New Delhi: Union Law Minister Ravi Shankar Prasad launched a blistering attack on Congress president Rahul Gandhi after the latter charged Prime Minister Narendra Modi of indulging in corruption.
Prasad said that it was wrong to expect a more mature statement from Gandhi when his “entire family is arraigned for scams like the National Herald scam and the Bofors scandal.”
“No party chief ever called the Prime Minister of India a thief. We never expect anything better from him to say. Neither he has any quality nor any ability. He has become the party chief only because of the family politics. He is someone who is charge-sheeted in the National Herald case along with his mother. He is someone whose entire family was involved in the infamous Bofors scandal. We don’t expect anything from him at all,” Prasad told as he briefed the media.

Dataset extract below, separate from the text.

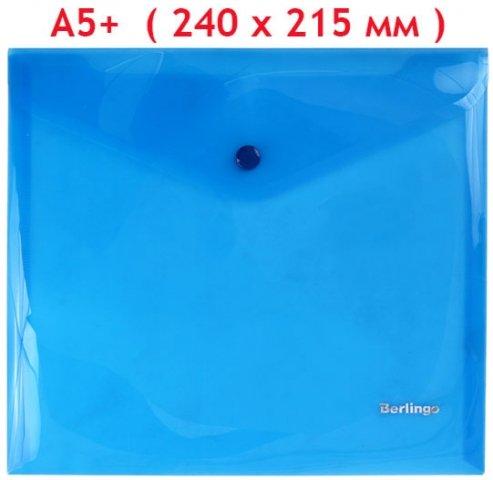 Папка-конверт пластиковая на кнопке Berlingo А5+ толщина пластика 0,18 мм, синяя - фото 2 - id-p133811724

“Who let Ottavio Quattrocchi flee the country? Can Rahul Gandhi recall? The then law minister of the country succumbed to your family pressure and sent an additional solicitor general to London to unseal Quattrocchi’s bank account. How can you label Prime Minister Modi a thief now? None in the country have confidence in what Rahul is saying,” Prasad added.
On Saturday, Congress president Rahul Gandhi had intensified his attack on Prime Minister Modi over the Rafale fighter jets controversy. Addressing a press conference, Gandhi had taken a dig at Modi, saying, “Desh Ka Chowkidar Chor Hai” (the custodian of the country is now a thief).
Quoting the statement made by former French president François Hollande to a French journal, in which he had said that the Indian government had proposed businessman Anil Ambani’s name for the deal, Gandhi had said, “I have a statement from France’s ex-president which says “we did not have a say in this matter, it is Indian government that decided to give the contract to Anil Ambani, we did not have a choice.”
The Congress president had further said, “For the first time a French ex-president is calling an Indian Prime Minister a thief.”
The former French president, François Hollande in an interview to a media house on Friday, had contradicted Indian government’s claim that the agreement between Dassault and Reliance was a commercial pact between two private parties and the government had nothing to do with it.